ADR-006: Resource Scheduler High Availability Coordination¶

Attribute	Value
Status	Accepted
Date	2026-01-16
Deciders	Architecture Team
Related ADRs	ADR-002, ADR-005

Context¶

With multiple Resource Scheduler replicas for HA, we need to prevent:

Duplicate scheduling: Two schedulers assigning the same instance
Lost assignments: Instance falls through cracks between schedulers
Conflicting decisions: Schedulers making incompatible placements

Options considered:

Leader election - Single active resource scheduler at a time
Optimistic locking - First writer wins via version checks
Work partitioning - Each scheduler handles subset of instances
Distributed lock per instance - Fine-grained locking

Decision¶

Use leader election for Scheduler (single active leader).

Only the leader resource scheduler makes placement decisions. Other replicas are hot standbys that take over if leader fails.

Rationale¶

Why Leader Election?¶

Simplicity: No distributed coordination per instance
Deterministic: Clear ownership of scheduling responsibility
Proven pattern: Used by Kubernetes scheduler
etcd native: Built-in leader election support

Why Not Optimistic Locking?¶

Race conditions under high load
Wasted work when multiple schedulers compute same placement
Complexity in retry logic

Why Not Work Partitioning?¶

Partition rebalancing on scheduler failure
Complexity in partition assignment
Overkill for expected scale (<1000 instances)

Consequences¶

Positive¶

Simple mental model (one scheduler active)
No per-instance locking overhead
Fast failover via etcd lease expiration

Negative¶

Single scheduler bottleneck (mitigated by fast placement algorithm)
Failover latency (etcd lease TTL, typically 10-15 seconds)

Implementation¶

Leader Election with etcd¶

class SchedulerLeaderElection:
    def __init__(self, etcd_client, instance_id: str):
        self.etcd = etcd_client
        self.instance_id = instance_id
        self.lease_ttl = 15  # seconds
        self.leader_key = "/lcm/scheduler/leader"

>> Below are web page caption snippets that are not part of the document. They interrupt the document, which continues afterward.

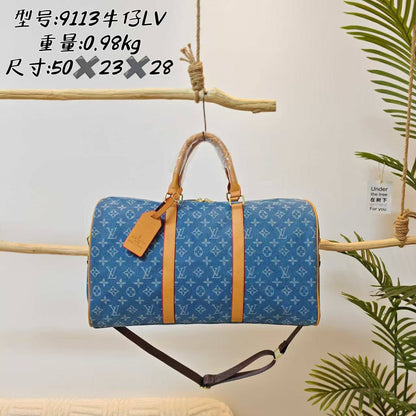 LV    
travel bag
Size  50×23×28cm
110 dhs💛

Zain04
♥️♥️♥️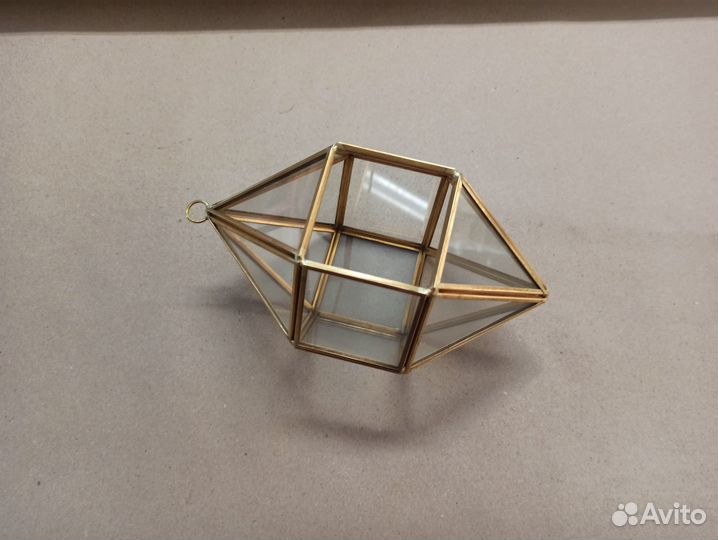 Флорариум - рубин с кольцом для подвешивания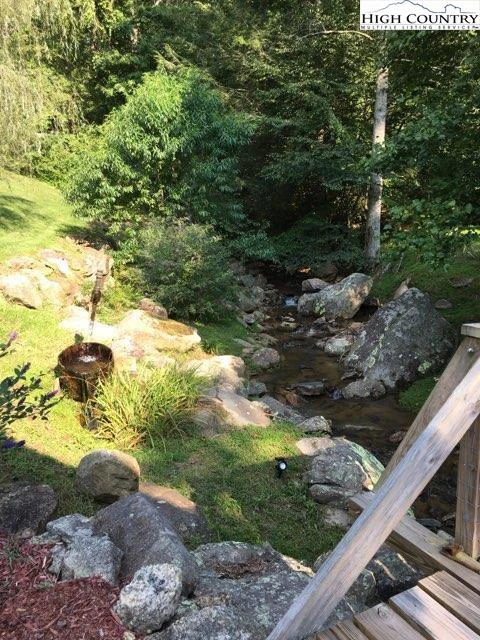 Image number 9 for the current listing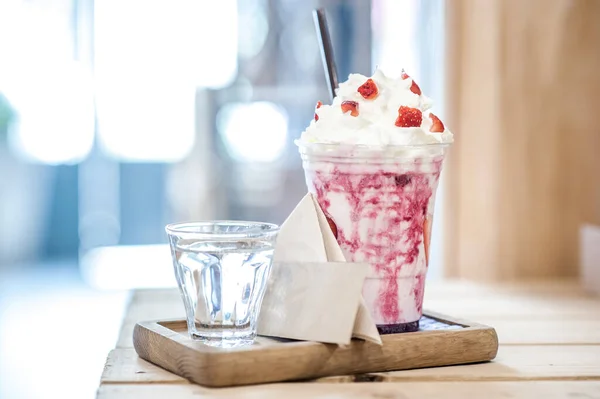 Batido Fresa Sobre Mesa Con Tarjeta Blanco Punto Enfoque Suave —  Fotos de Stock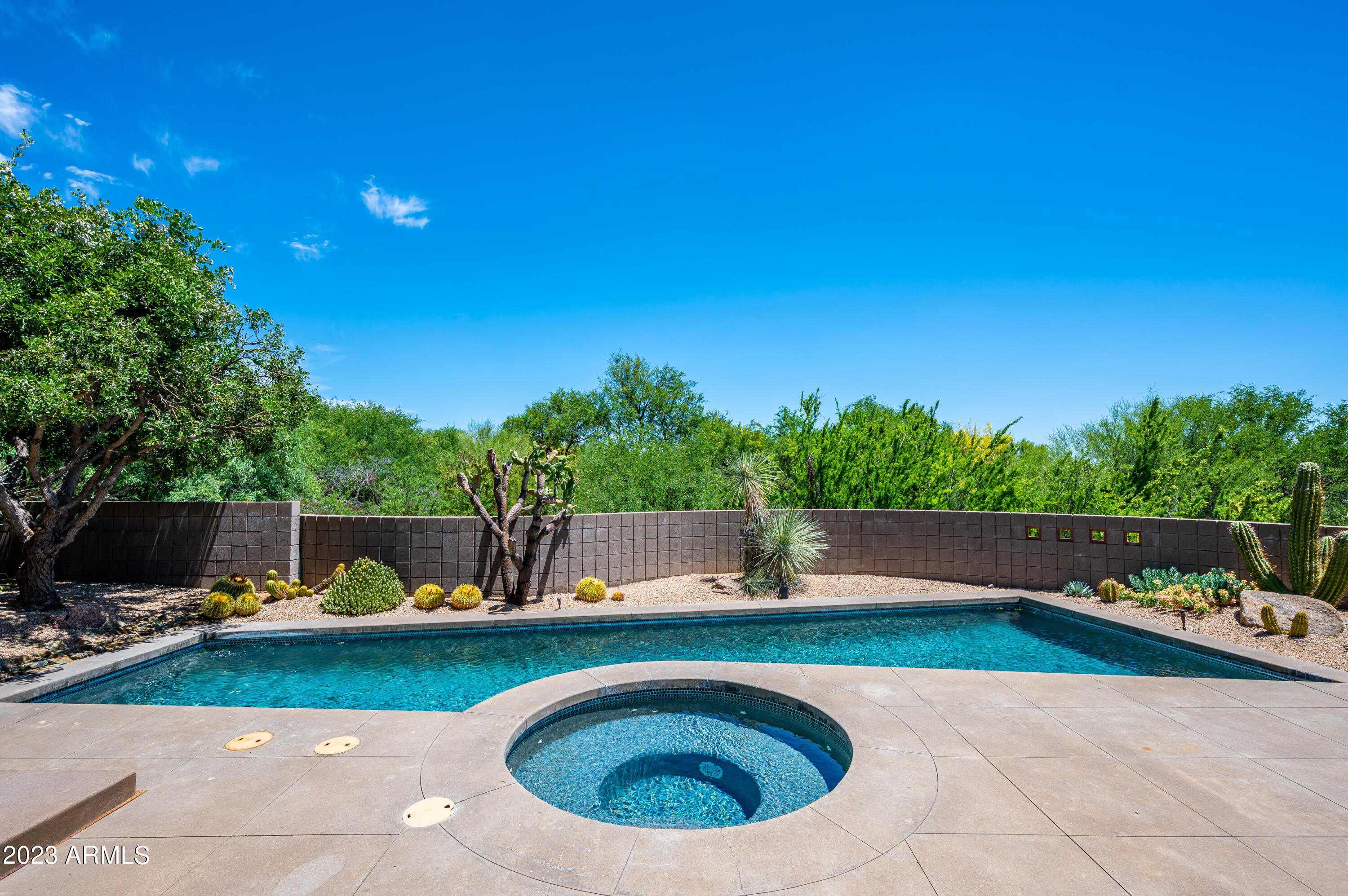 10651 E FERNWOOD Lane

    async def campaign(self):
        """Attempt to become leader."""
        lease = await self.etcd.lease(self.lease_ttl)

        try:
            # Try to create leader key (fails if exists)
            await self.etcd.put(
                self.leader_key,
                self.instance_id,
                lease=lease
            )
            return True  # We are leader
        except etcd.KeyExistsError:
            return False  # Someone else is leader

    async def maintain_leadership(self):
        """Keep lease alive while leader."""
        while True:
            await self.lease.refresh()
            await asyncio.sleep(self.lease_ttl / 3)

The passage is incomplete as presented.